Ban’s Morocco Misstep Turns Back the Clock on Western Sahara Dispute

Ban’s Morocco Misstep Turns Back the Clock on Western Sahara Dispute
A soldier holds the Polisario Front flag as a U.N. helicopter flies over the Smara refugees camp, Tindouf, Algeria, March 5, 2016 (AP photo by Toufik Doudou).

The conflict over Western Sahara has lasted well over 40 years—25 under the oversight of the United Nations Security Council since it brokered a cease-fire in 1991—but it suffered the latest and perhaps worst of its many setbacks earlier this month, thanks to none other than U.N. Secretary-General Ban Ki-moon. Ban caused an uproar in Morocco by calling its presence in Western Sahara an “occupation,” while he was visiting a refugee camp in Tindouf, Algeria, near the border with the disputed territory.

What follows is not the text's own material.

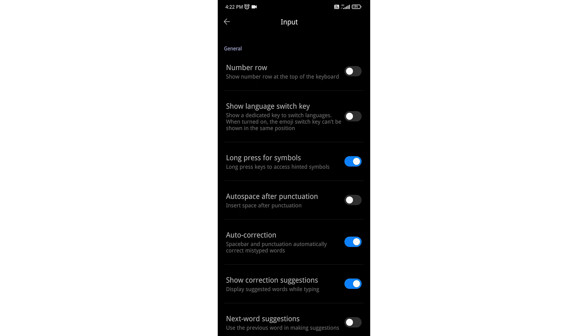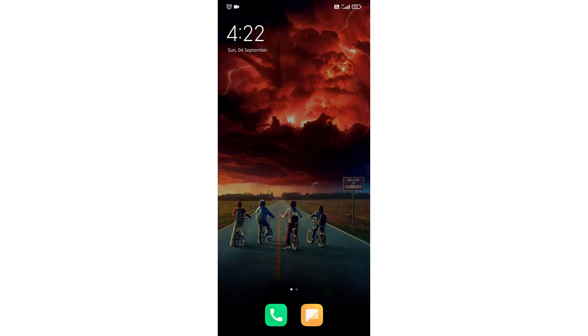You can turn off Auto Correction from here. The Auto Correction is now turned off. This is how you can disable Auto Correction. Thank you everyone.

Ban’s comments came during a larger visit to North Africa that did not include Morocco, the key player in Western Sahara.

Ban decided to visit North Africa earlier this month in an effort to resolve the Western Sahara conflict before the end of his term later this year. He made the trip despite Morocco’s claims—genuine or otherwise—that it could not receive him due to the absence of King Mohammed VI, who was going to be traveling out of the country. Morocco upped the ante by denying landing clearance to the secretary-general’s plane in Western Sahara, in effect vetoing his trip to the territory.

Ban still met with the conflict’s other party, the Polisario Front, a liberation movement representing the Sahrawi people, in Bir Lahlou, the no man’s land between a security berm built by Morocco and the internationally recognized border of Western Sahara. The Polisario leadership claims Bir Lahlou as the capital of its government in exile, the Saharawi Arab Democratic Republic (SADR), which is not recognized by the United Nations. The ostensible reason for Ban going there was to visit a U.N. peacekeeping base. The Polisario Front is backed by Algeria.